Investors turned their backs on Liz Claiborne Inc. Thursday, driving the stock down 25.9 percent to $2.98 after the company said second-quarter losses would be greater than analysts expected and it would issue new convertible debt.

Claiborne said in a regulatory filing its adjusted second-quarter losses would “increase moderately” from the adjusted deficit of 37 cents a share in the first quarter. Analysts had Claiborne pegged for losses of 32 cents for the second quarter, and the company in May said its second-quarter losses would be “similar” to the first quarter.

The firm is selling $75 million in convertible senior notes due in 2014 to reduce borrowings under its credit facility. Freeing up capacity under the bank agreement by taking on more debt would effectively expand the pool of money Claiborne can tap into immediately. The convertible debt could also dilute the stake of current shareholders.

Andrew Warren, executive vice president and chief financial officer, said the move would “enhance liquidity, strengthen the balance sheet and expand the maturity profile.”

The second quarter ends July 4 and Claiborne said there is still some uncertainty regarding results.

Claiborne’s decline stood out on a day when the S&P Retail Index fell 1.3 percent, or 4.25 points, to 316.41 and the Dow Jones Industrial Average advanced 0.7 percent, or 58.42 points, to 8,555.60. Department stores, in particular, slumped, with Macy’s Inc. off 5.3 percent to $10.63; J.C. Penney Co. Inc., 4.3 percent to $25.90, and Saks Inc., 2.8 percent to $3.87.

Investors were bearish in Asia, where the Hang Seng Index fell 1.7 percent and the Nikkei 225 dipped 1.4 percent, and more bullish in Europe, where the FTSE 100 inched up 0.1 percent and the CAC 40 advanced 1 percent.

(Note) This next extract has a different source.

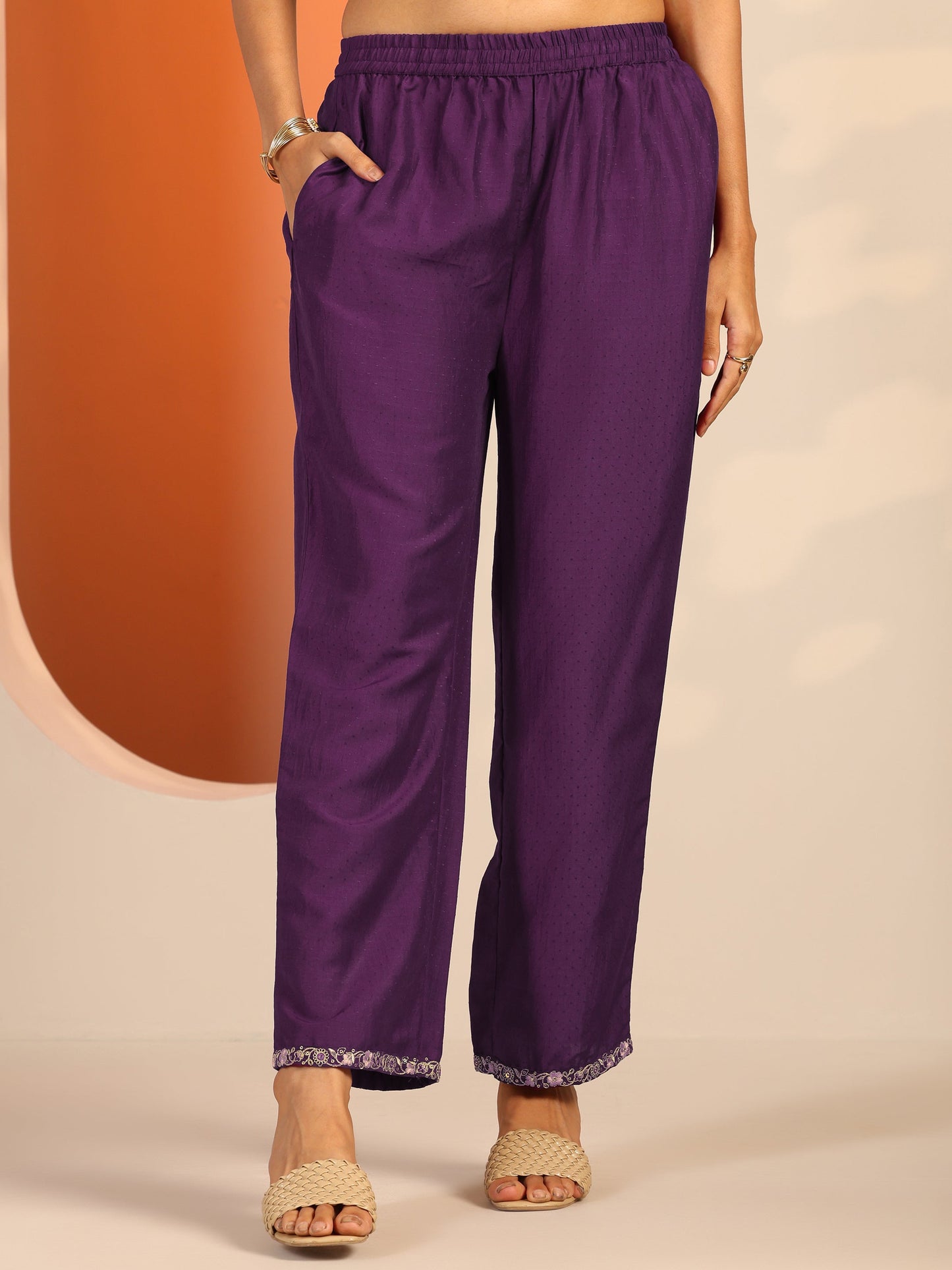 Burgundy Embroidered Silk Blend Anarkali Suit Set With Dupatta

The Conference Board also took a bullish tone with its Leading Economic Index, which rose 1.2 percent last month after a 1.1 percent lift in April. The index, which gauges 10 economic indicators, including stock prices, consumer expectations and building permits, now stands at 100.2.

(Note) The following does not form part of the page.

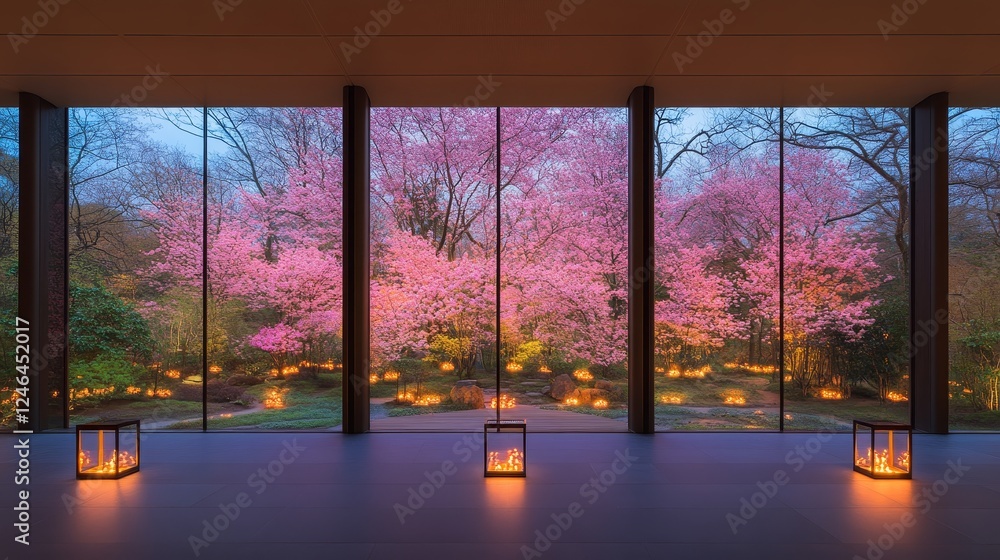 Naklejka premium Tranquil Cherry Blossom Garden View from Modern Room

“The recession is losing steam,” said Ken Goldstein, economist at The Conference Board. “Confidence is rebuilding and financial market volatility is abating. Even the housing market appears to be stabilizing. If these trends continue, expect a slow recovery beginning before the end of the year. However, employment will take longer to turn around.”

Consumer spending is strongly influenced by the relative strength of the job market and the unemployment rate, now at a 26-year high of 9.4 percent, is likely to top 10 percent.

The toll of rising unemployment and personal bankruptcies was clear in Discover Financial Services’ second-quarter report Thursday. The financial firm said its Discover Card sales fell 4 percent for the quarter to $21 billion. Discover’s charge-off rate rose to 7.79 percent from 4.99 percent a year earlier as consumers struggled to pay off their credit cards.

The company said its charge-off rate for the third quarter would rise to a range of 8.5 percent to 9 percent. That means more consumers will be digging themselves into a hole so deep the credit card company will basically assume it will never get its money back.